Prices. Give me strength. The UK Post Office has issued its annual worldwide holiday costs barometer, the needle edging ever higher until the barometer bursts with the rising pressure of a correspondent letting off steam with a shout of Mallorca's so expensive.
Mallorca, according to the Post Office's survey, stands at number 14 in a list of 36 destinations. There are two ways of looking at this. Mallorca is either the fourteenth cheapest place in the world or it is the twenty-third most expensive. The damning evidence, if you want to call it this, is that Portugal and Spain top the list of the cheapest destinations. How can Mallorca be more expensive than Spain? Must be because it's a rip-off. So will go the conclusions. Presumably, similar hackles are being raised in Tenerife which comes in at number nineteen on the list. Perhaps there is something to do with islands. And what might that be?
Let's get some perspective. With the exception of Bulgaria (number four), other non-Iberian competitors to Mallorca are, if one accepts the Post Office's findings, about as expensive or about as cheap - Croatia and Cyprus fractionally cheaper, Greece and Turkey fractionally more expensive.
The other perspective that is necessary is to understand how this survey is compiled. The trouble is that the Post Office doesn't say. If you go to its website, you will find the full results, but nothing about the methodology, save for the basket of goods that form the basis of the comparison. And one other thing. As a footnote, it says that prices are supplied by tourist offices with certain exceptions. Information for Mallorca comes from a villa agency. Why? I honestly couldn't say.
Unless you know the precise way in which this survey is conducted, you can make all manner of assumptions. The villa agency in question is a highly reputable operation. It specialises in luxury villas. Of its thirteen properties in Mallorca, eleven are in Pollensa. Let's just assume for one moment that information on prices is taken locally - in Pollensa town. It is not hard to imagine that these might be a tad higher than they are in, say, Puerto Alcúdia or Magalluf.
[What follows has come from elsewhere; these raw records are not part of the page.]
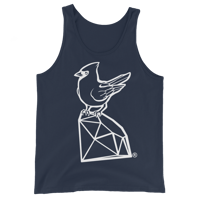 Image 3 of Bird and Diamond Logo 2008 Men's Tank Top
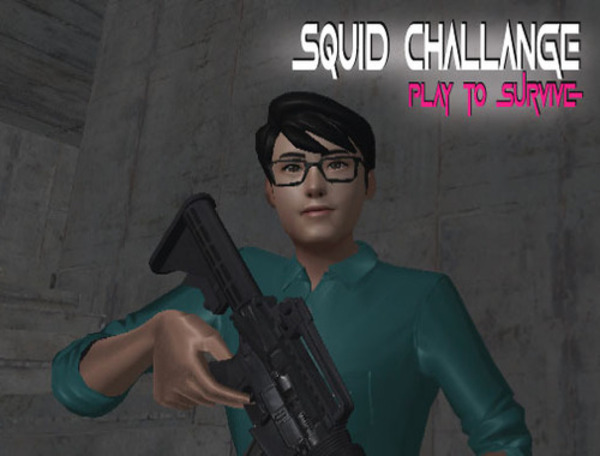 Mchezo Changamoto ya squid: Cheza kuishi  online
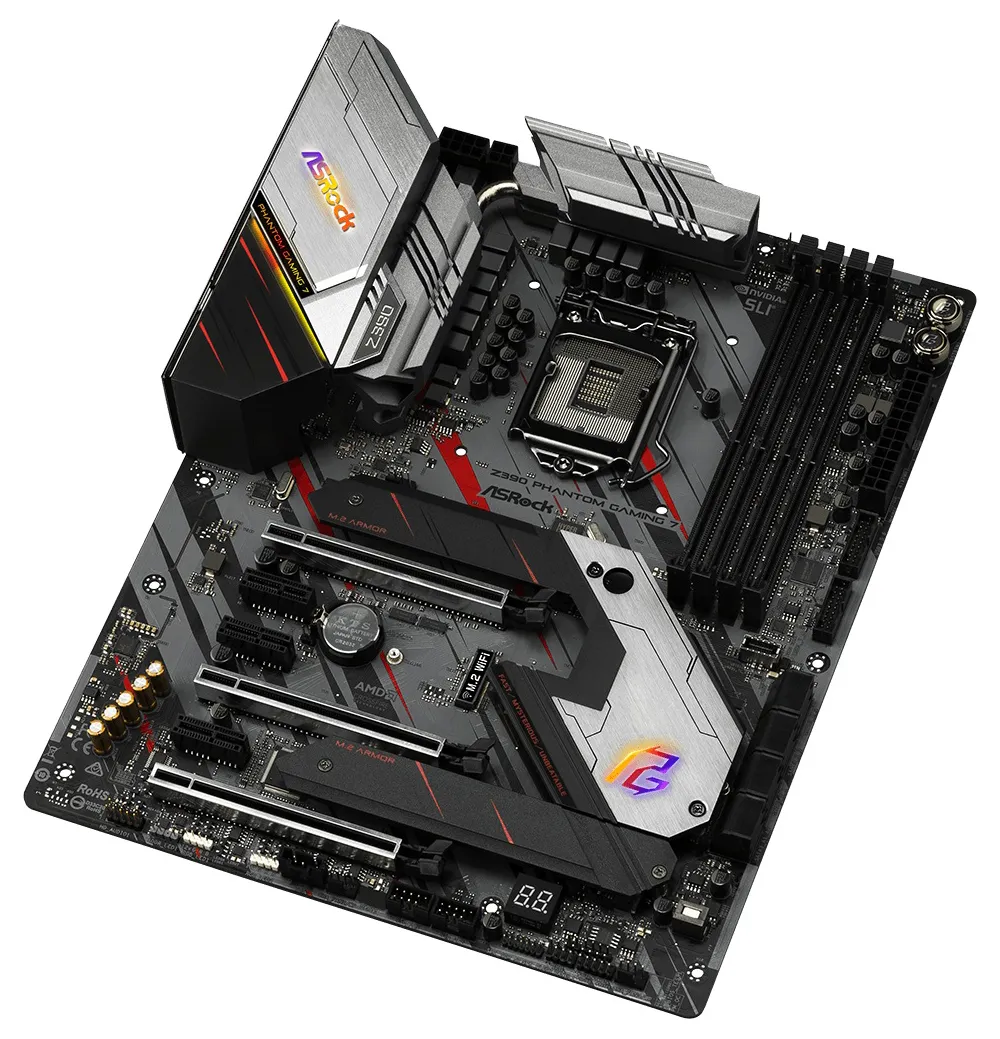 Материнская плата ASRock Z390 PHANTOM GAMING 7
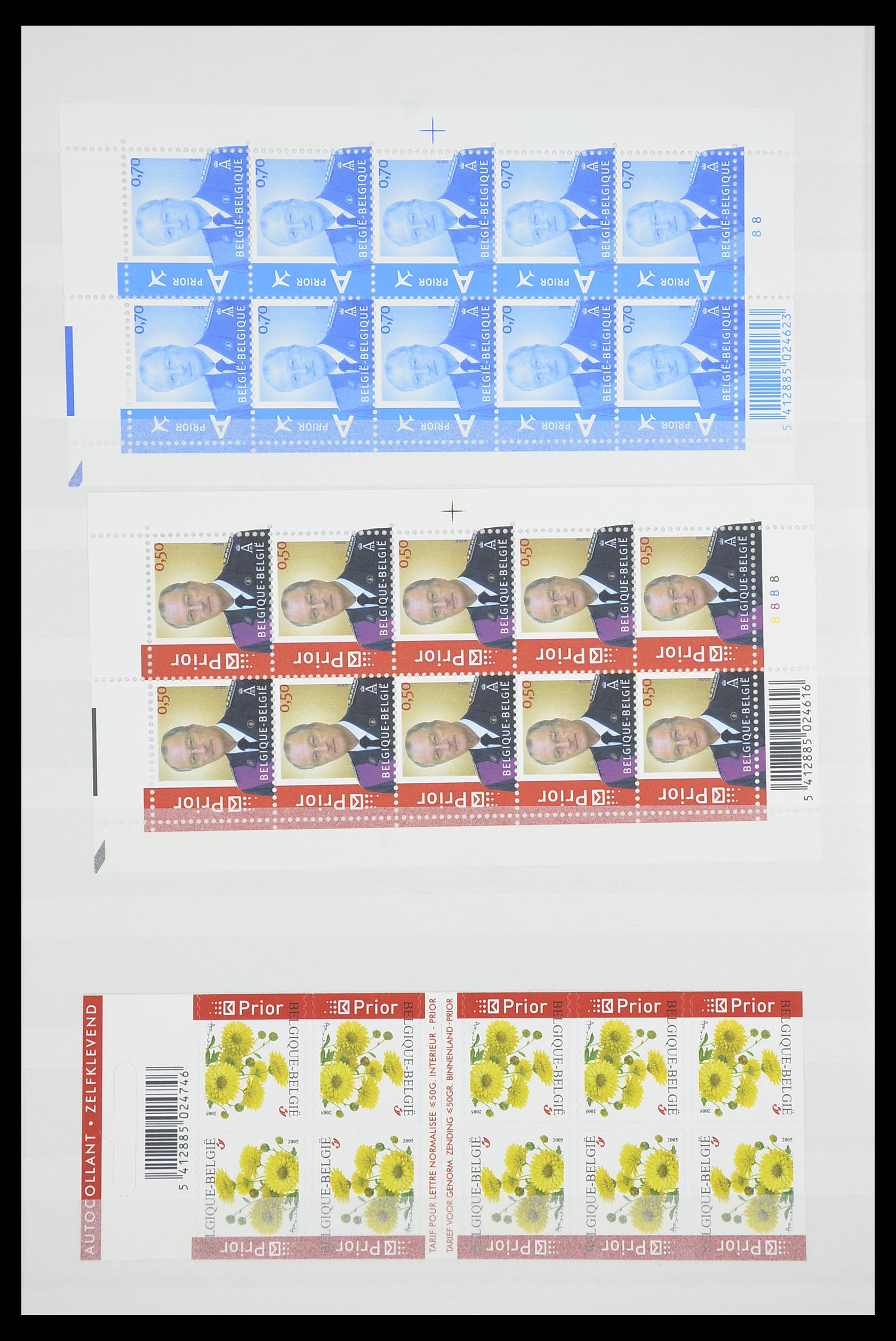 33910 178 - Postzegelverzameling 33910 België postfris 1978-2007.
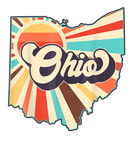 Discover Ohio State Country Retro Vintage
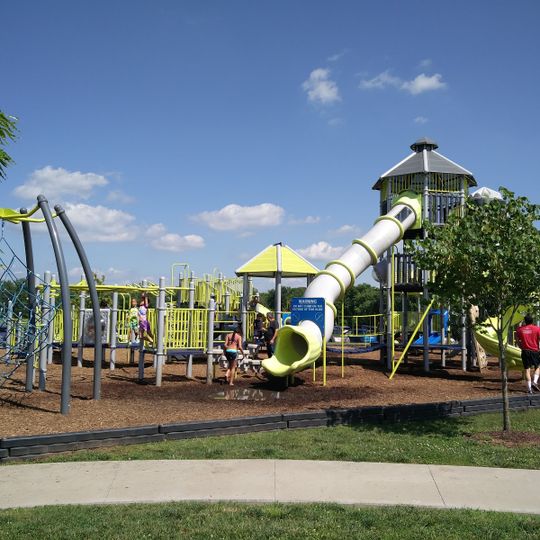 George Park Splash Pad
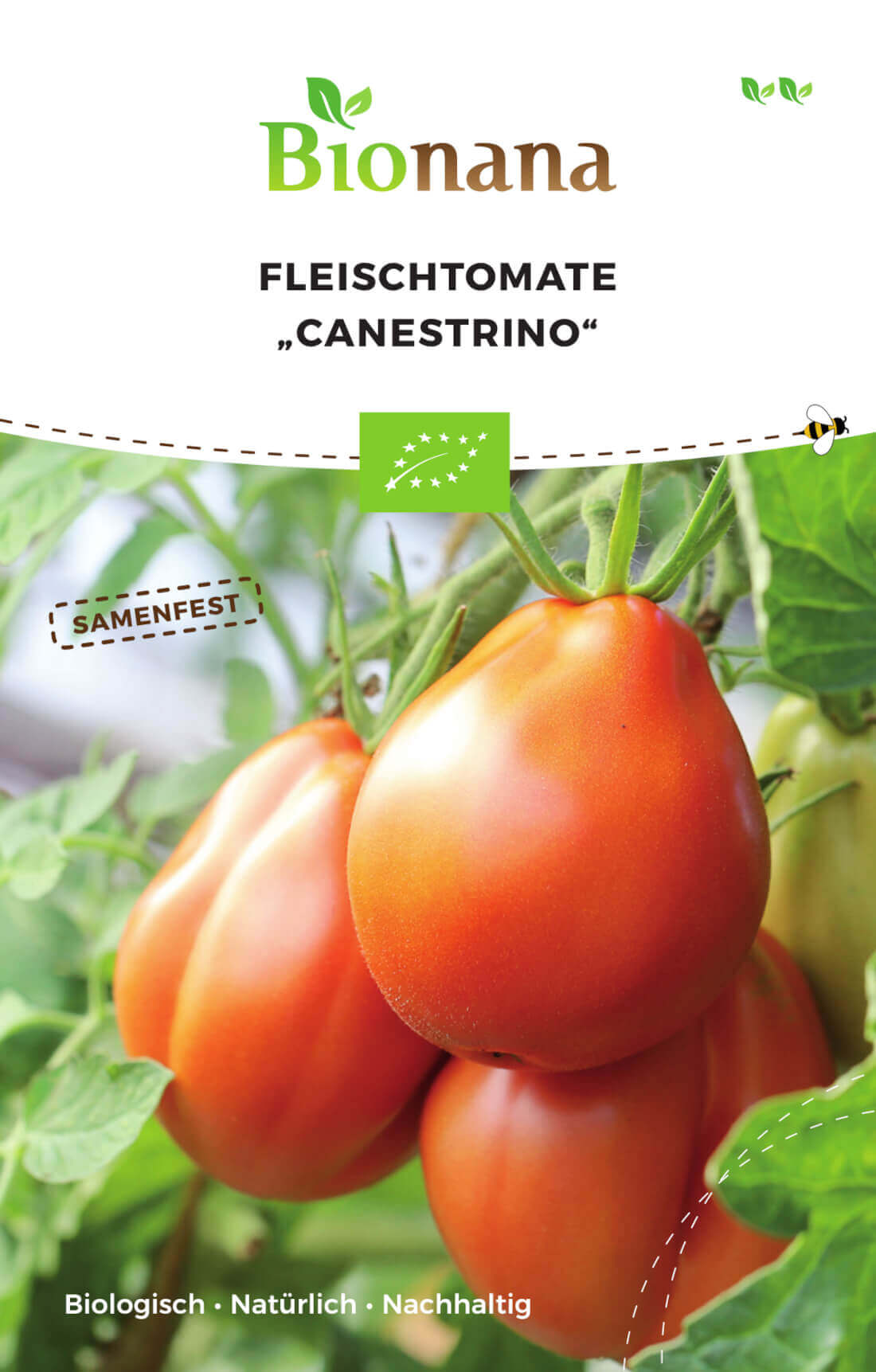 Bionana Bio-Fleischtomate Canestrino MHD Ablauf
Mallorca languishes twelve places below Spain in this survey. But what is meant by Spain? Make another assumption. Benidorm. Anyone can tell you that Benidorm has a reputation for being cheap. Naff cheap, inexpensive cheap. Potentially, therefore, you have a polarity in terms of market; the economy variety of Benidorm and the luxury end of Pollensa. Chalk and cheese. One of the greatest disparities between Mallorca and Spain, says the survey, is the cost of a three-course meal with wine for two, a twelve euro difference. So what? It's eminently possible, just as it's eminently possible to pay the lower Spanish amount in Mallorca.
Everything depends, just as President Zapatero's famous 80 cent coffee depended. Another item from the survey is the cost of factor-15 sun cream. It's way higher in Mallorca than in Spain, by almost seven euros. And? Is this the same brand, the same supermarket chain? Perhaps it is, in which case there is a legitimate question to be asked as to why it costs that much more. But perhaps it isn't. You don't know, because the survey doesn't tell you. Nor do you know what size the bottle of sun cream is. There is a factor 15 sitting in my bathroom. It still has its price sticker. 3.99 euros. From the German Müller store in Alcúdia. Is this evidence of something being cheaper than the 4.42 euros on the mainland of Spain? No, it is evidence of one product at one store in one location costing one particular price. See, it all depends.
Price comparison surveys of this type need to be treated with scepticism, taken with a pinch of salt that probably costs more in Mallorca than on the mainland. They can be indicative of prices, but the surveys themselves vary. One from last year (Skyscanner's) made Cyprus the cheapest holiday destination in Europe. Yet it is thirteenth in the Post Office's worldwide survey, one place above Mallorca. Another, that from Thomas Cook, placed the Balearics seventh - behind Egypt, Turkey and the Canaries. But these are all more expensive, according to the Post Office.
Rigorously scientific these surveys tend not to be. They are unverified snapshots, they provide a talking-point, but that's about it. And there is often another reason for their being produced. The Post Office sells currency, a point it makes on its survey.